Manuel your advice works. Inserting zero-width spaces doesn't help.
But to making the paragraphs left-justified helps for the Chinese
document.

Anyway, for Chinese texts it seems not necessary to use justified
paragraphs, because usually they don't use spaces between their
characters. But I'm not a Chinese and I don't know anything about
other Asian languages like Japanese or Korean. But so now I need
different adjustments for European and Chinese documents.
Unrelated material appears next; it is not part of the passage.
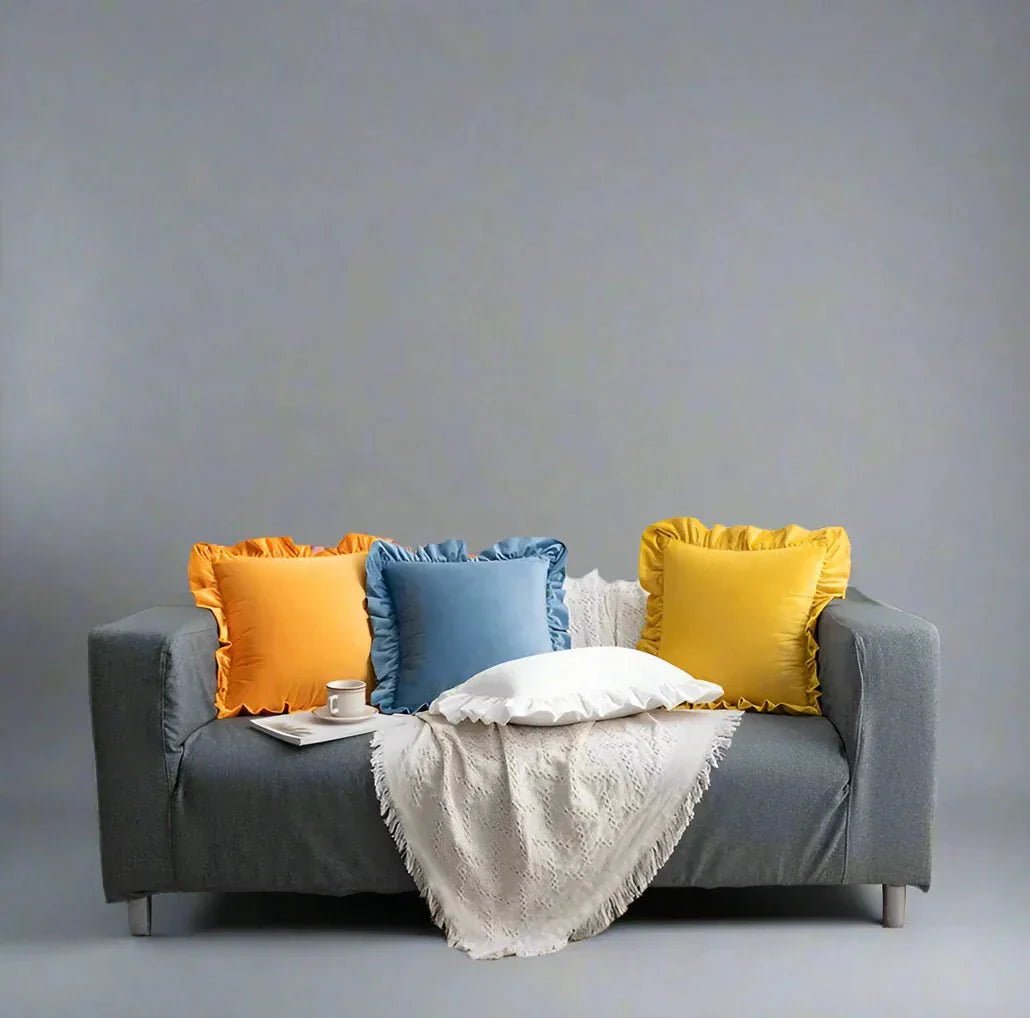 Hom & Ember – Luxurious Velvet Cushion Covers in Elegant Ruffles Perfect for a Stylish Retreat - Hom & Ember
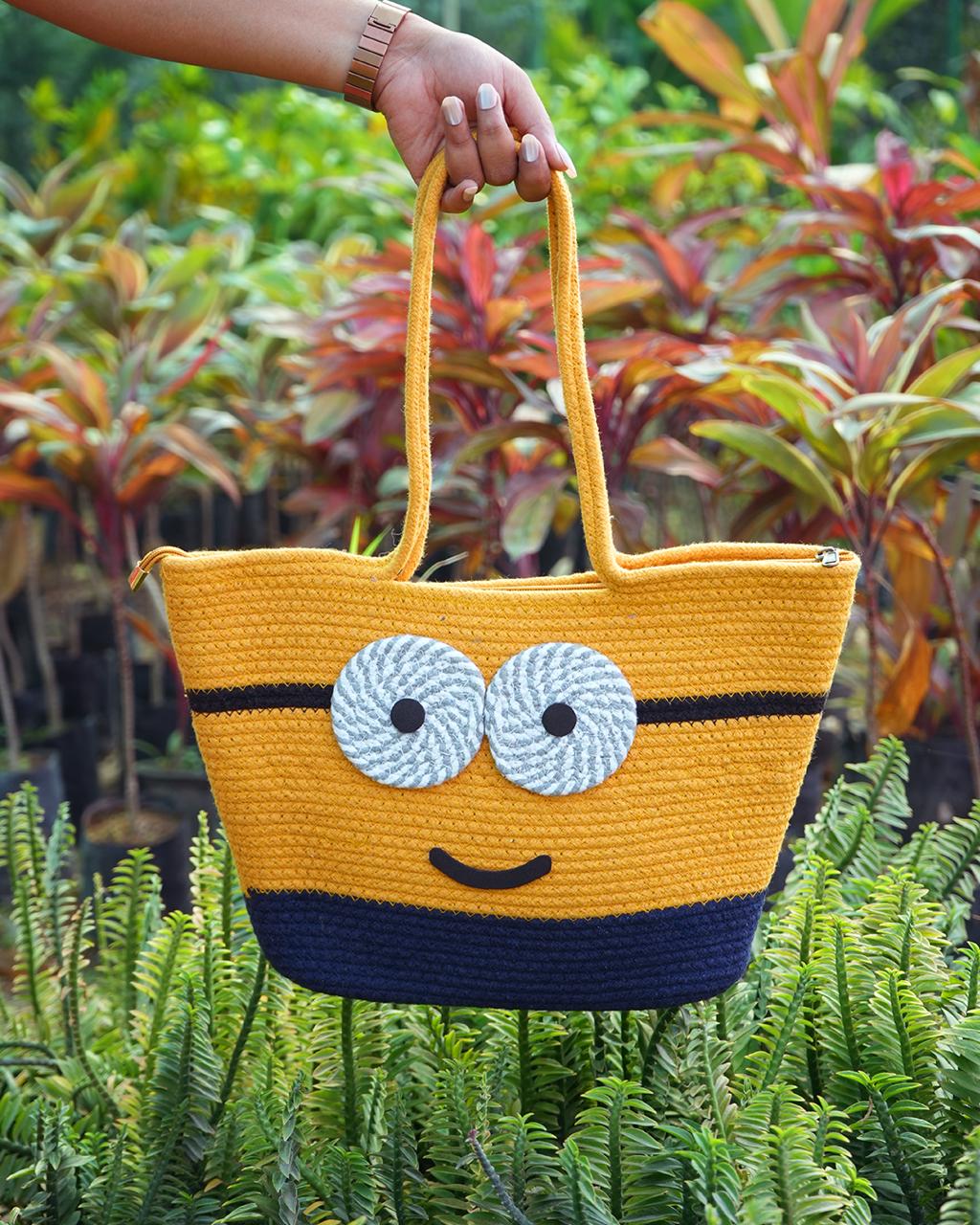 Yellow and navy cotton tote bag with zip closure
Is there a way to take influence to the Knuth algorithm? At least to
switch on or of?

Stefan


Manuel Mall schrieb:
> On Friday 13 April 2007 18:39, Jeremias Maerki wrote:
>> The most probably reason is that the whole line-breaking is different
>> from 0.20.5 (the code has been rewritten) and FOP still doesn't
>> implement all of UAX#14. I can't even tell if 0.20.5 did it right.
>> Anyway, we mostly lack the knowledge of non-western scripts and have
>> an incomplete implementation, so effects like this are to be
>> expected.
>>
>> As a work-around you can try inserting zero-width spaces to give FOP
>> the chance to add more spacing/break possibilities. From the Unicode
>> docs: ZWSP: "this character is intended for line break control: it
>> has no width, but its presence between two characters does not
>> prevent increased letter spacing in justification."
>>
>> HTH
>
> Not sure its a UAX#14 line breaking issue. It seems every Chinese
> character is correctly handled as a line break opportunity. My sense is
> that it is simply the behaviour of the Knuth algorithm which decided
> that the FOP 0.93 solution is more aesthetically pleasing. If you look
> at the text there are very few elastic spaces in there for
> justification and if I remember correctly Knuth doesn't 'like'
> (penalises) short last lines in justified paragraphs so it will give
> some preferences to the solution with the longer line.
>
> I am not sure that there are any workarounds apart from making the
> paragraph not justified.
>
> May be adding some ideographic spaces in the right places may help?